The couple operated a small business and in 1944, Delia Parodi was hired as a stenographer in the Department of Labor by its new appointee, Colonel Juan Perón. Parodi assisted Perón in his fundraising efforts dealing with the devastating 1944 San Juan earthquake, and became close to Eva Duarte (who would soon be Perón's fiancée and most influential adviser). Following Perón's election to the Presidency in 1946, Parodi was transferred to the Province of San Luis, where she participated as an enumerator during the 1947 Census. The experience earned her a promotion as a local ombudsman in the Las Cañitas section of Palermo (today an upscale ward in Buenos Aires).[1]

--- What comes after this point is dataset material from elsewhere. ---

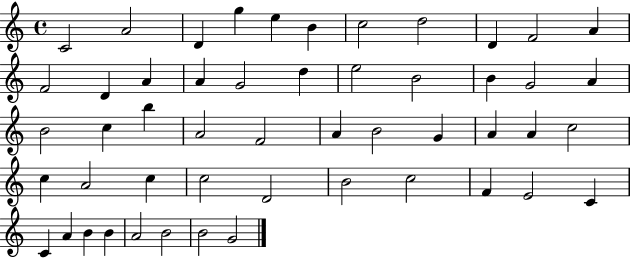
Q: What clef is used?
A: treble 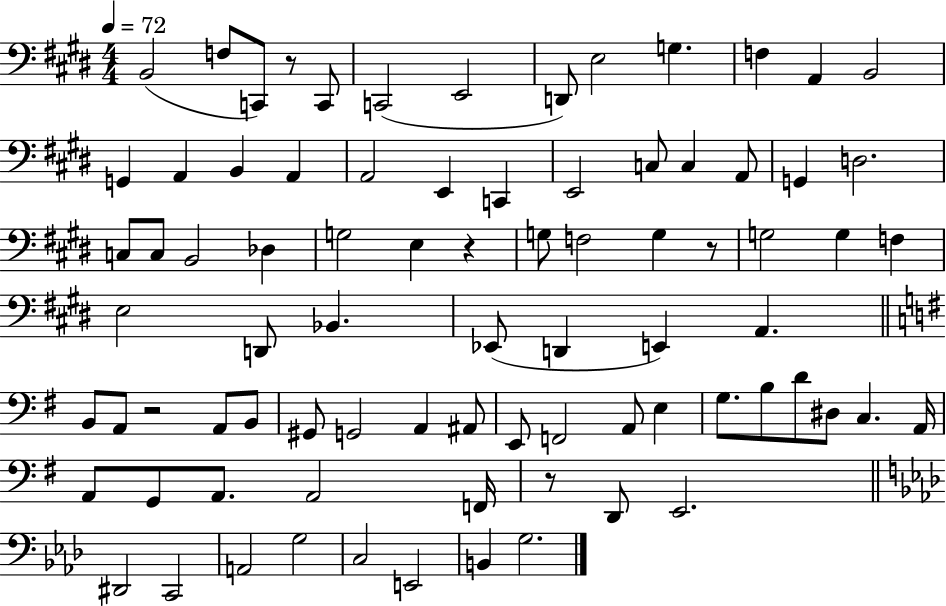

The enactment of female suffrage in Argentina in 1949 and Parodi's neighborhood work earned her a seat in the Argentine Chamber of Deputies in 1951 as one of the first 22 women in Congress. The first woman to make a formal speech in the Argentine Congress, she was active in intellectual property and consumer rights. Following the First Lady's death in 1952, she was elected titular head of the Peronist Women's Party, and represented her country in the Inter-Parliamentary Union. On 25 April 1953, she was unanimously elected First Vice President of the Chamber, becoming the first Argentine Woman to hold an elected leadership position in any branch (she would remain the highest-ranking woman in Argentine Congressional history until the election of Mirian Curletti as First Vice President of the Senate in 2003).[2]
Parodi was imprisoned on Perón's 19 September 1955, overthrow, and she remained in custody until March 1958, shortly after a new election. Pardoned by the newly elected President Arturo Frondizi (who had won with Perón's endorsement), Parodi remained in exile in neighboring Uruguay and separated from her husband; she returned to Argentina in secret to attend her husband's funeral (from which she was forced to flee after police recognized her).[1]

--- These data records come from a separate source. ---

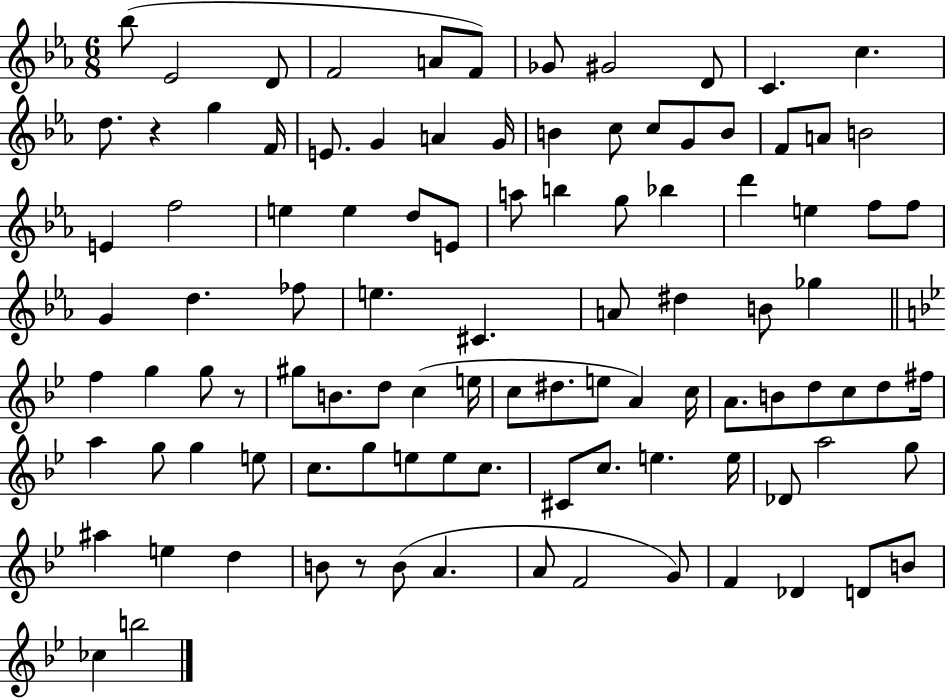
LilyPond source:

{
  \clef treble
  \numericTimeSignature
  \time 6/8
  \key ees \major
  bes''8( ees'2 d'8 | f'2 a'8 f'8) | ges'8 gis'2 d'8 | c'4. c''4. | \break d''8. r4 g''4 f'16 | e'8. g'4 a'4 g'16 | b'4 c''8 c''8 g'8 b'8 | f'8 a'8 b'2 | \break e'4 f''2 | e''4 e''4 d''8 e'8 | a''8 b''4 g''8 bes''4 | d'''4 e''4 f''8 f''8 | \break g'4 d''4. fes''8 | e''4. cis'4. | a'8 dis''4 b'8 ges''4 | \bar "||" \break \key g \minor f''4 g''4 g''8 r8 | gis''8 b'8. d''8 c''4( e''16 | c''8 dis''8. e''8 a'4) c''16 | a'8. b'8 d''8 c''8 d''8 fis''16 | \break a''4 g''8 g''4 e''8 | c''8. g''8 e''8 e''8 c''8. | cis'8 c''8. e''4. e''16 | des'8 a''2 g''8 | \break ais''4 e''4 d''4 | b'8 r8 b'8( a'4. | a'8 f'2 g'8) | f'4 des'4 d'8 b'8 | \break ces''4 b''2 | \bar "|."
} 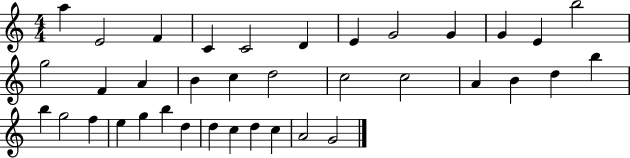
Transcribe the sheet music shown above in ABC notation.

X:1
T:Untitled
M:4/4
L:1/4
K:C
a E2 F C C2 D E G2 G G E b2 g2 F A B c d2 c2 c2 A B d b b g2 f e g b d d c d c A2 G2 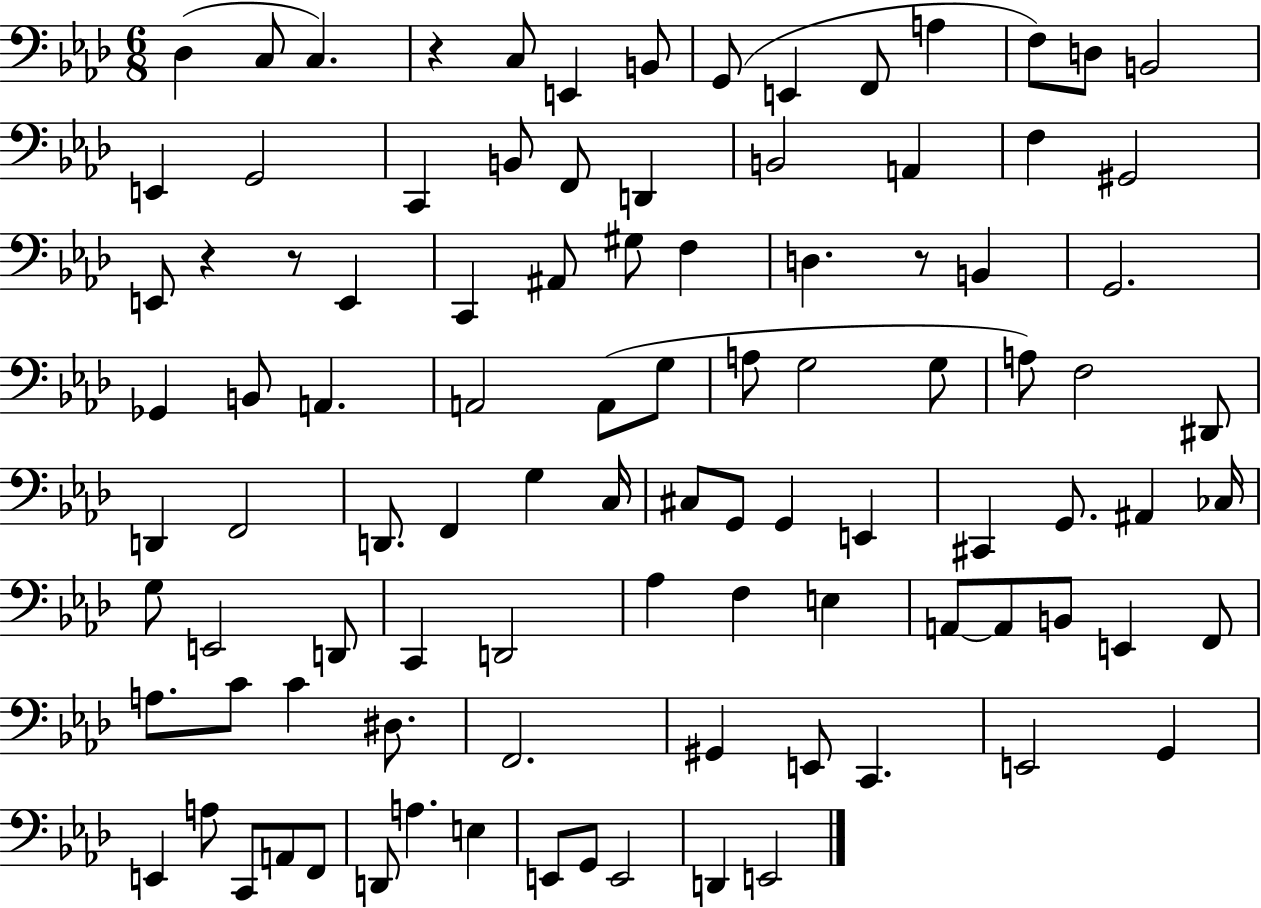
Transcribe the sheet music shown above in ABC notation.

X:1
T:Untitled
M:6/8
L:1/4
K:Ab
_D, C,/2 C, z C,/2 E,, B,,/2 G,,/2 E,, F,,/2 A, F,/2 D,/2 B,,2 E,, G,,2 C,, B,,/2 F,,/2 D,, B,,2 A,, F, ^G,,2 E,,/2 z z/2 E,, C,, ^A,,/2 ^G,/2 F, D, z/2 B,, G,,2 _G,, B,,/2 A,, A,,2 A,,/2 G,/2 A,/2 G,2 G,/2 A,/2 F,2 ^D,,/2 D,, F,,2 D,,/2 F,, G, C,/4 ^C,/2 G,,/2 G,, E,, ^C,, G,,/2 ^A,, _C,/4 G,/2 E,,2 D,,/2 C,, D,,2 _A, F, E, A,,/2 A,,/2 B,,/2 E,, F,,/2 A,/2 C/2 C ^D,/2 F,,2 ^G,, E,,/2 C,, E,,2 G,, E,, A,/2 C,,/2 A,,/2 F,,/2 D,,/2 A, E, E,,/2 G,,/2 E,,2 D,, E,,2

Parodi relocated to Madrid, where Perón had lived since 1961. Undeterred, she helped organize the aging leader's planned return to Argentina in December 1964. Posing as "Delia and Juan Sosa" and sporting Paraguayan passports, she and Perón were intercepted in Rio de Janeiro by Brazilian Intelligence.[3]
The fiasco resulted in an Interpol arrest order against her and her detention in Paris. She remained in contact with Perón, however, and joined his entourage on the leader's June 20, 1973, return to Argentina. Perón died in office a year later, and Parodi's own, worsening health (as well as a violent dictatorship) kept her in a low profile in subsequent years. Following a return to democracy in 1983, she took part in numerous interviews and seminars, and published an autobiography.[1]
Parodi died in Buenos Aires on 13 May 1991, at age 78. Her casket was displayed in Congress' Hall of Lost Steps, and the main press conference room of the Chamber of Deputies was named in her honor in 2003.[1]